Jorge Vergara, the billionaire owner of the Mexican soccer club Chivas, died Friday after suffering a heart attack in New York City. He was 64.
“With deep sadness and pain in my heart, I communicate to you that my father, Jorge Carlos Vergara Madrigal, passed from this life due to cardiac failure,” Vergara’s son, Amaury, said in a statement to the Los Angeles Times.
“We honor my father the way he always taught us with his example: working day in and day out, taking care of others and reaching our dreams.”
Vergara acquired the Guadalajara soccer franchise in 2002 and built it into one of the country’s most popular teams, securing a championship win in Mexico’s Apertura league in 2006.

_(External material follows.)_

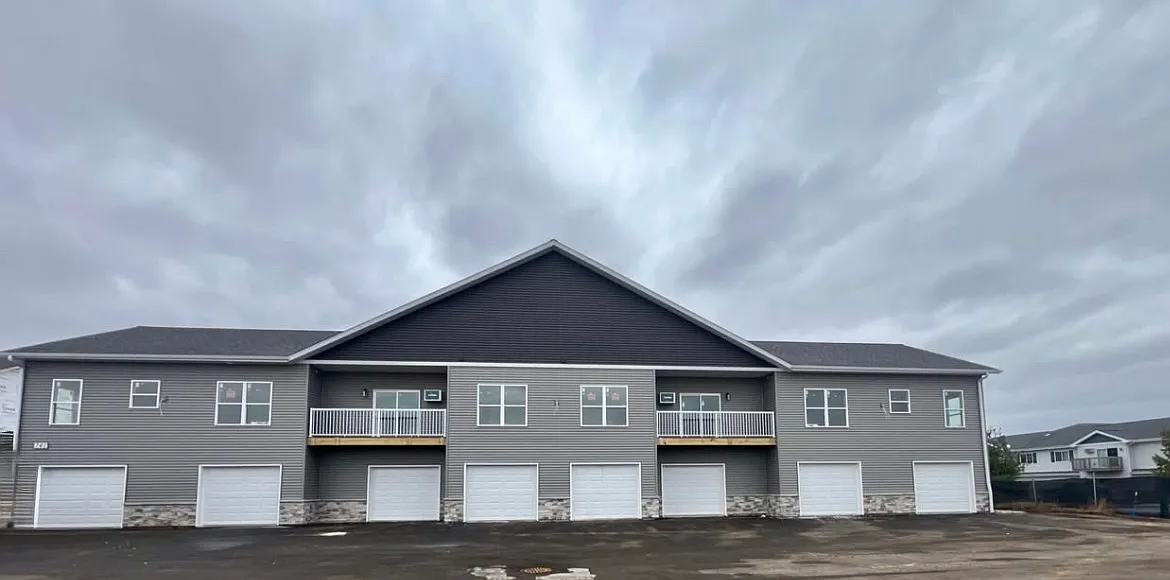 3 bed, $1,800 — Photo 1
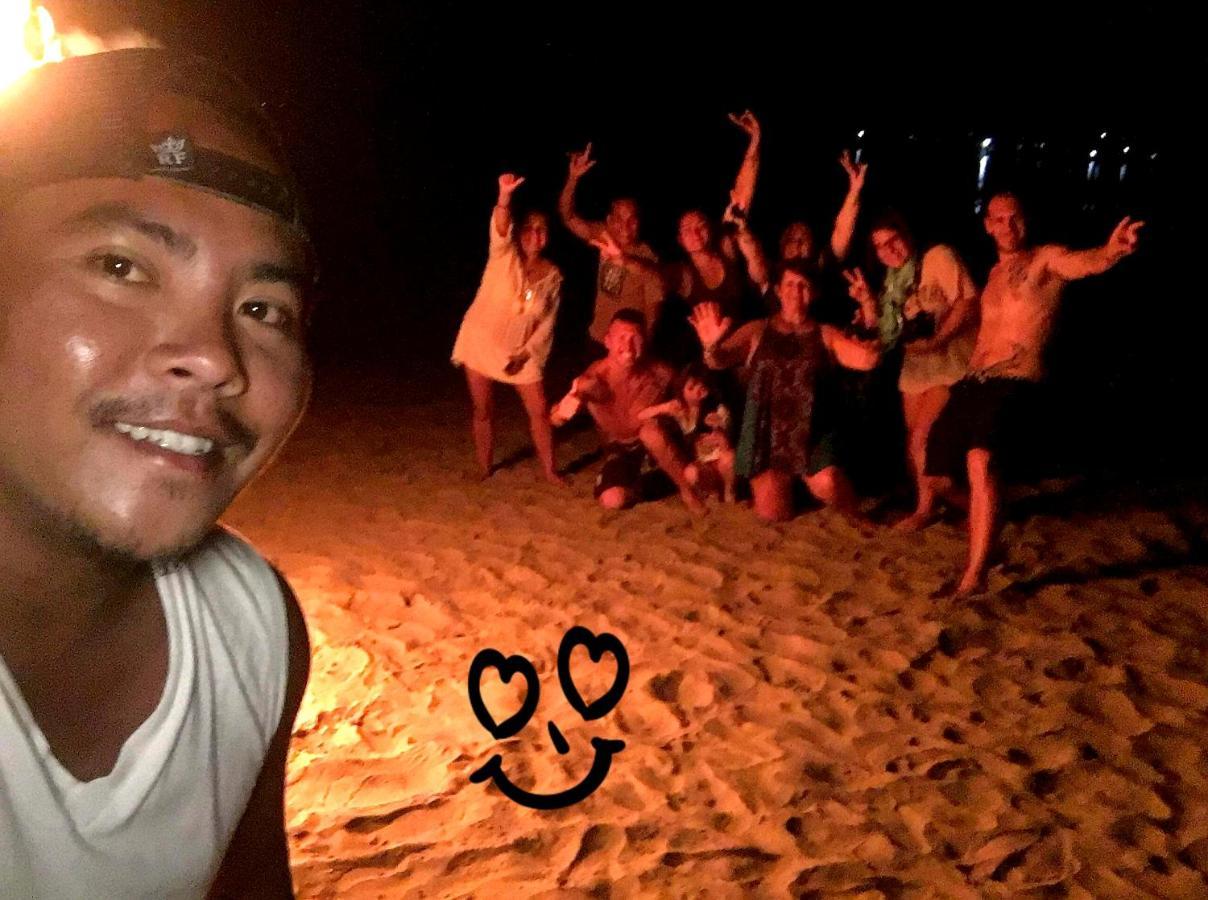 Zhaya's & * El Nido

The animated owner was also a controversial figure in the soccer arena. He switched the team’s coaches 28 times in 17 years and earned comparisons to Dallas Cowboys owner Jerry Jones. He was a fierce nationalist, and once insisted all team business be conducted in Spanish.
Vergara also launched Chivas USA in 2005, but that team’s success waned in recent years. Chivas USA averaged less than eight wins in each of the last five seasons, before Major League Soccer bought out the franchise and resold the rights to a California company.
Vergara also owned the Costa Rican team Saprissa from 2003-2011, and a wildly profitable supplement company, Omnilife, which claims sales of $4.2 billion annually. His net worth was reportedly about $1.5 billion at the time of his death.
Vergara is survived by six children and his second wife of two years, Rossana Lerdo de Tejada.